The article found fault with several aspects of the course; it said the content of the course was outdated, and the availability of the personalized tutoring was lacking, among other issues. In response, Burck Smith, CEO of StraighterLine, admitted the course could use some improvement, and he listed off ways it has already been improved since the author enrolled in the course.
To be viable StraighterLine must drive strong learning outcomes for students. Indeed, learning outcomes are an essential part of the conversation but they should not be the only part of it. Inside Higher Ed spent three articles analyzing the quality of the course, but didn’t talk about two other important metrics: value and transparency.

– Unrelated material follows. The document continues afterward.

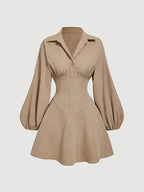 Orielle Ruched Dress - Image 1 of 5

When it comes to offering value and transparency, StraighterLine sets a good example for traditional colleges to follow. StraighterLine courses will not be confused with those offered at Harvard, but they’re sufficient, improving, and they allow students to take introductory college courses on the cheap. Via StraighterLine, it’s possible for a student to complete their freshman year for less than $1,000. If students truly want to learn via StraighterLine, they have every opportunity to do so (e.g. StraighterLine uses the same McGraw Hill content used in thousands of traditional college courses). Students know exactly how many credits they’re going to get, the knowledge they’re going to learn, and where those credits can be transferred.
With the cost of college so astronomically high, alternatives like StraighterLine are essential to ensuring all students – of all economic backgrounds – have access to college. While StraighterLine is no-frills, students know it’s no-frills. Instead of solely nitpicking at the faults of an individual Straighterline course, the conversation should also include ways all colleges can use online delivery methods, improved assessments, and enhanced reporting to all stakeholders to lower costs for students while ensuring a quality educational experience.
Do you think StraighterLine is truly a model for value and transparency? What aspects of StraighterLine should traditional colleges learn from?